En substance, Cavada, qui est le porte-parole d’un parti qui semblerait s’appeler le Nouveau-Centre, aurait officialisé la candidature de Morin, ex-ministre de la Défense (oui oui, ce n’est pas une rumeur), alors que ce dernier n’était pas sûr d’être totalement encarté totalement partant pour l’idée. Il avait – on ne s’en souvient pas – présenté ses vœux depuis sa cuisine, entre vaisselle et coq au vin. Le degré de palpitations était à son plus haut lorsqu’il expliqua vouloir rassembler le Centre, dont on ne savait d’ailleurs pas avant qu’il était éparpillé ni qu’il existait vraiment.

Morin, un candidat flou

(même sur les photos, le candidat est vraiment flou)

Mais finalement, c’est non pas maintenant pas tout de suite pas là attendez un peu, Morin n’est pas réellement dans la course. Il devra consulter l’autre épicurien, Borloo, sans doute coincé en mode Exploration des Hospices de Beaune depuis son départ du gouvernement.

De ce point de vue, la stratégie modémiste est bien plus lisible : on sait que le candidat s’appellera Bayrou, que le programme sera celui de Bayrou, qu’il sera calibré pour être un petit chouilla à droite, un petit chouilla à gauche, et un gros chouilla nulle part. Pas de surprise, pas de palpitations, du feutré, du calme, du centre.

C’est peut-être finalement ça, qui caractérise ces centres : tout le monde a très vaguement entendu parler des individus, personne ne voit exactement ce qu’ils font, leurs têtes n’impressionnent que les pellicules photographiques, et leurs propositions sont introuvables. Le tout, dans le calme feutré de salons parisiens ennuyeux.

Inaudible, inodore, incolore et sans saveur, le nouveau centre, complètement phagocyté par une UMP qui mange à tous les râteliers, sera surtout un vague poil à gratter avant les primaires. Quant au modem, sorti de son leader dont l’éclat est particulièrement fugace et imprévisible, il n’existe là encore pour ainsi dire pas.

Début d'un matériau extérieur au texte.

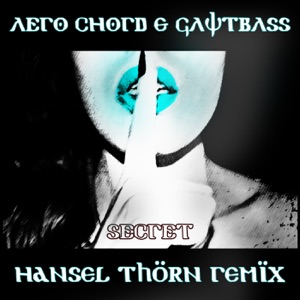 Secret (Hansel Thorn Remix)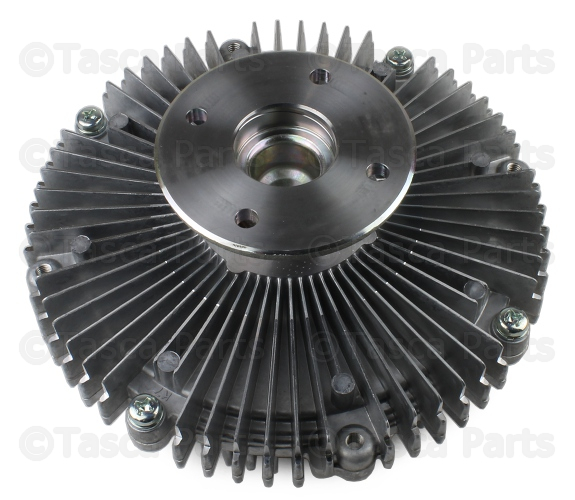 2004-2017 Nissan Clutch 21082-7S00A | TascaParts.com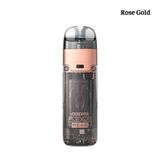  Aspire Flexus Peak Pod Kit 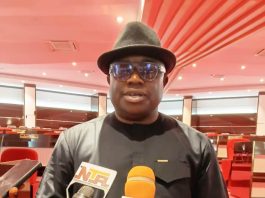 Benue Assembly Passes Revenue Harmonization Bill, Considers Traffic Management Legislation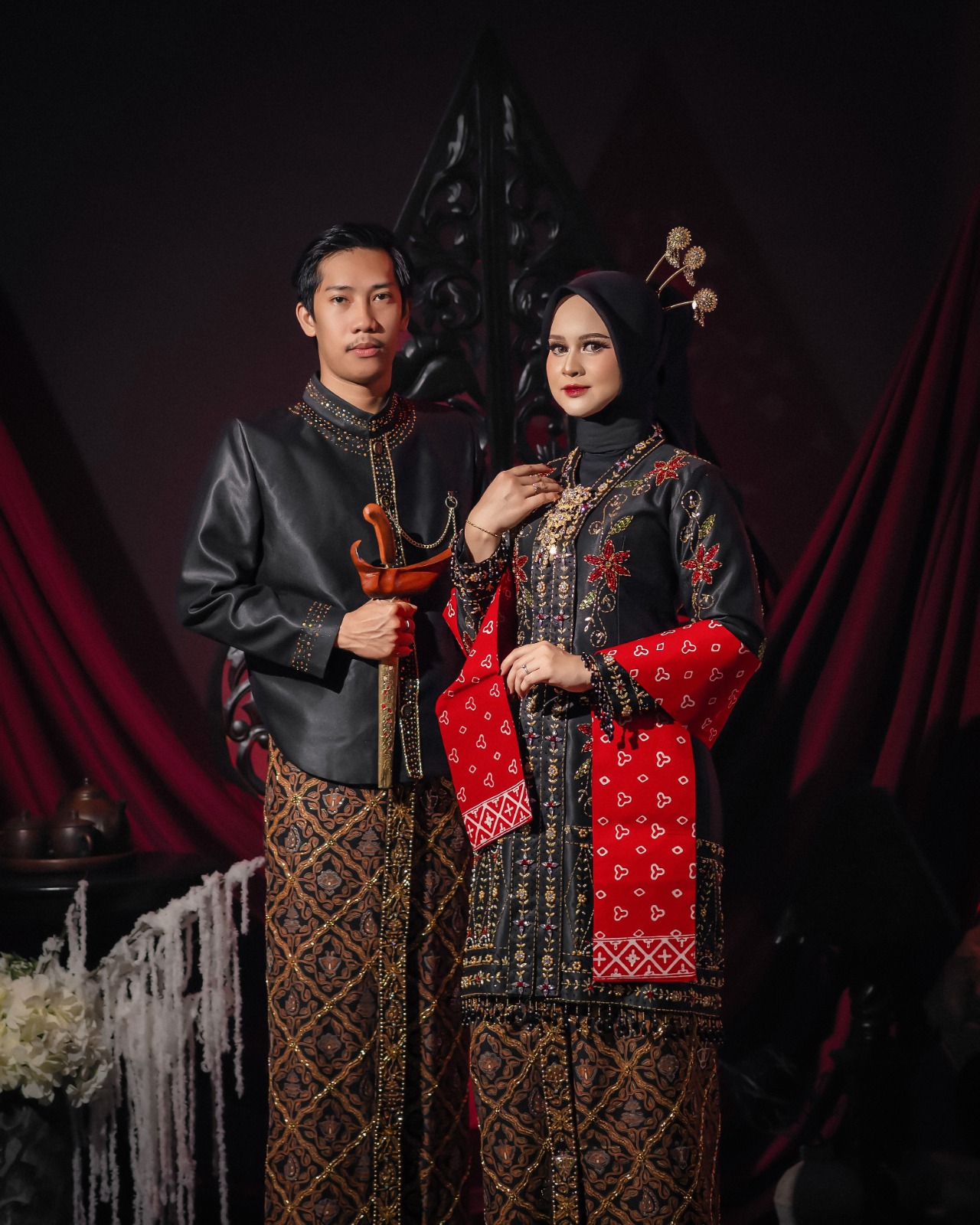 Audi & Alief 181026 (2)
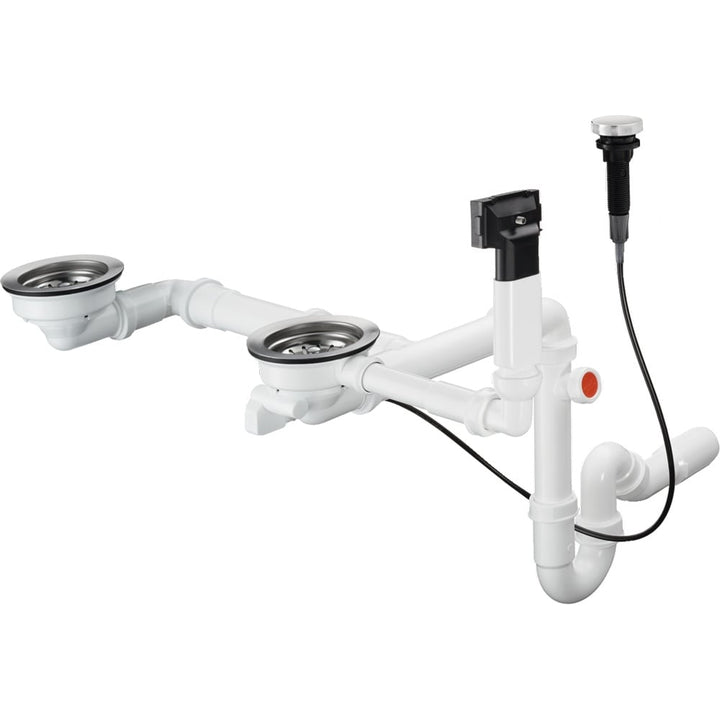 hansgrohe-20-bowl-automatic-strainer-waste-and-overflow-set-for-granite-sinks-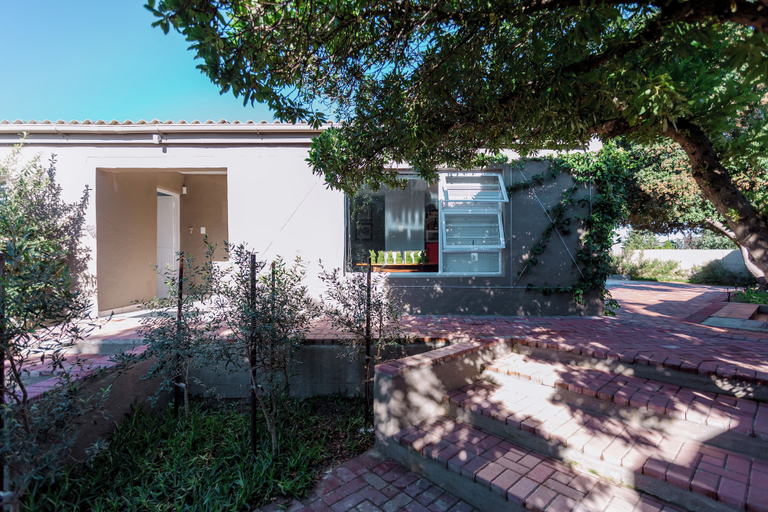 Exterior & Views 2, Benguela, Overberg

Pour en revenir à la question initiale de savoir ce qu’on pouvait voir derrière le centre, la vision qu’offre le paysage politique français et celle que développent mes collègues blogueurs est tout de même différente : les politiciens font de la politique politicienne, bidouillant du message à vertu électorale douteuse, là où les individus définissent volontiers le centre comme le rassemblement des libéraux et des démocrates chrétiens.

Or, de libéraux (des vrais, des solides, des « à la Ron Paul« ), en France, je n’en vois aucun. Quant aux chrétiens, ils se font rare tant l’anathème pleut sur celui qui n’est pas laïcanti-religieux. Le centre est donc condamné à se restreindre à quelques démocrates-sociaux, pendant logique des sociaux-démocrates qui foisonnent tant et plus aux bords les moins extrêmes du PS et de l’UMP.